Data have a consistent structure in all their forms. E.g., what's returned by a load operation can be sent directly to an update operation without change of format.
All objects are of a single type. Here we need to choose between our two current forms: array and object.
Create and update operations can accept data without IDs set and respond appropriately. For example, we can save a node with an associated user (author), that user being identified not by ID but by an array of properties. If the user does not exist, she/he will be created as a user. If the user does exist already, the corresponding user id will be saved.
Data API implementations, e.g., save a node, include no direct SQL. All needed database operations are handled by the API.

And here, for discussion and review, are some initial suggestions as to how we could implement this.

We bite the bullet and change all our data objects to arrays.
(Or, hey, objects, if that's the consensus. I'm with what chx argued awhile back though IIRC--arrays are more efficient, and since we're not using the object properties arrays make more sense.)
We change the way we current load properties into objects to reflect their data structure.
Currently we have two ways we load relational data into objects: directly, and as a nested array or object. For example, for a book node, the 'parent' property goes directly in the $node object. Some other properties, though, are nested in an array or object (e.g., organic group properties of a node). This nested approach is what's likely to work best for a data API.
To enable schema-aware handling of a data item array, we need to reflect the relationships somehow in the data structure. The most obvious way is an approach analagous to the Forms API. That is, when loading data (or directly creating a data array), we mark keys in a way to identify them as foreign references. A node, then, would have direct properties from its primary table--the node table. All of its other properties would be in arrays associated with their respective tables of origin. E.g., a book with a parent have, instead of a 'parent' key, a '@book' key, which is an array of properties held in the book table, in this case, the parent.
We implement a set of API methods (save, load, delete) that can handle all object types.
A full data operation should be possible by calling these methods alone. We remove all our existing object-type-specific methods, e.g., node_load. However, we still pass the results through dataapi hooks, allowing modules to e.g. add additional properties.
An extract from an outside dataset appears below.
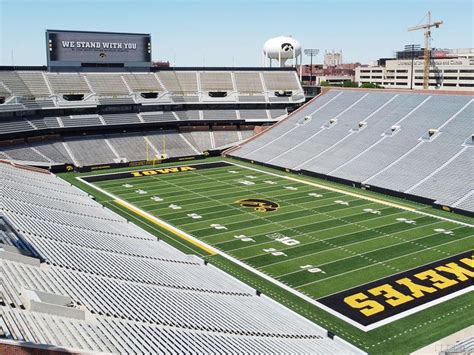 Iowa Hawkeye Football, Iowa Hawkeyes, Iowa City, Football Stadiums ...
Barry has already shown, in his Schema module, how we can do schema-aware node loads.

A few weeks ago I started sketching in some of what this might look at http://cvs.drupal.org/viewcvs/drupal/contributions/modules/dataapi/. Please be kind, this is rough code and I wrote it in ignorance of the excellent work Barry and frando were doing. It needs updating to the Schema API and considerable further work before it's anything more than notes. That said, it does suggest some of what we might be able to do with a schema-aware set of data API methods.

Does this general direction make sense? Is it enough to justify implementing drupal_save(), drupal_load(), and drupal_delete() methods now in http://drupal.org/node/113435, even though at present they only wrap and don't yet replace the various and diverse node_load(), comment_save(), term_delete methods?

Comments

Comment #1

Chris Johnson commented 30 May 2007 at 20:18

I wrote a database API for another more general application which pretty much met goals 1 through 5 about a year ago. Let me mention that I copied generously from best-practice examples, and that I used OO, PHP5 code to do it. The OO aspect is particular noteworthy because almost all of the things which make this kind of API generic and easy to maintain are OO-based patterns and behaviors, e.g. inheritance and polymorphism.

It's a noble goal. When's code freeze? Doing it right is going to take a few weeks at a minimum, I'd bet.

Comment #2

Chris Johnson commented 30 May 2007 at 20:34

I just read through the example code.

Is the idea that to, say, load the node object, dataapi_load() will first load the entire row from the node table, and then loop through related tables, e.g. node_revisions, to get entire rows of associated data there to build the node object?

I have some qualms about performance and amount of code needed, but I'm not sure I fully understand the proposal well enough to make them into reasonable criticisms and suggestions.

Comment #3

Nick Lewis commented 4 June 2007 at 01:03

Dries says we have 4 extra weeks. This sounds fun! At lot of what you wrote wasn't completely clear to me.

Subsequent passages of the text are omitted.